Going back to our data, we need to do a few things before the most exciting part — explorative data analysis. We need to remove unnecessary variables so that our data only captures the main points of our analysis. This is especially important if our data has a few hundred columns, which could be common in the public and nonprofit sectors. For the one we are analyzing, there are 21 variables, which is a moderate number, so data selection is not necessary, but it never hurts to do so. We have to be cautious, though, to ensure we don’t filter out variables that we actually need. To do that, it’s often necessary to look for a codebook or an online code documentation page to make sure we are not being subjective about our variable interpretations. A codebook of the NIBRS dataset can be found on the same page we download our data or accessed here.

Out of these 21 variables, we found out arrest_id, incident_id, arrestee_sql_num are all used to identify arrests/arrestees, and variables age_id, age_num, under_18_disposition_code, age_range_low_num, age_range_high_num all represent arrestees’ age (we have the variable variation here because juveniles go through a different prosecution system and are often coded divergently from adults to protect their privacy). Moreover, there are a few variables that are out of the bond of our topic and thus, filtered out.

It turns out that we only kept 8 variables. I have also renamed these variables so that their names are more reflective of what they mean.

dc21 <- dc21_arrests_weapon %>%
select(data_year.x, arrest_date, arrest_type_id, offense_code,
age_id, sex_code, race_id, weapon_id) %>%
rename(year = data_year.x,
date = arrest_date,
arrest_type = arrest_type_id,
offense = offense_code,
age = age_id,
sex = sex_code,
race = race_id,
weapon = weapon_id)

Variable Manipulation

Now, noticed that race, arrest_type, and weapon are labeled numerically, which is a common practice in data entry. However, it’s hard to know what each number means without referencing the codebook. Therefore, let’s do some re-coding, starting from the variable race.

Through some simple manipulations, we found race has 6 categories with categories 30, 40, and 50 having under 20 arrest cases. Because their numbers are so small compared to other racial groups, we can combine them together. Category 98 represents arrestees whose racial information is unknown, either because the officer forgot to write it down (it happens!) or for some other reason and is dropped out.
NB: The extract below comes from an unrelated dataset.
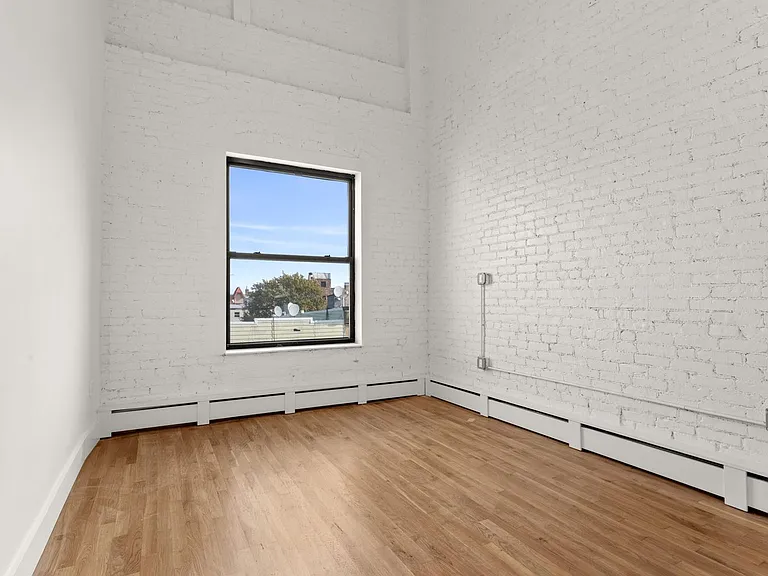 717 Manhattan Ave #4A — Photo 13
I am using functions from the forcats package to simplify the task

dc21 %>%
count(race) # see what racial groups we have
count() is a shortcut for doing group_by() and summarise()
dc21 <- dc21 %>%
filter(!race == "98") %>%
mutate(race = factor(race)) %>%
mutate(race = fct_collapse(race,
White = "10",
`Black or African American` = "20",
`Asian` = "40",
`American Indian or Pacific Islander` = c("30","50")
)) %>%
mutate(race = fct_relevel(race, # relevel
"Black or African American",
after = 1)) %>%
mutate(race = fct_relevel(race, # relevel
"Asian",
after = 2))

Repeating the process to variables weapon and sex. For sex, all we need is renaming factors.

dc21 %>%
count(weapon)
dc21 <- dc21 %>%
mutate(weapon = factor(weapon)) %>%
mutate(weapon = fct_collapse(weapon,
Unarmed = "51",
`Firearm-involved` = c("1", "3", "4", "5", "6", "7", "9"),
`Weapon with a blade` = c("52", "53")
)) %>%
mutate(weapon = fct_relevel(weapon,
"Firearm-involved",
after = 1))

The fct_recode function offers an easy solution to recode factor levels. Alternatively, you can use base R’s recode function to do the same.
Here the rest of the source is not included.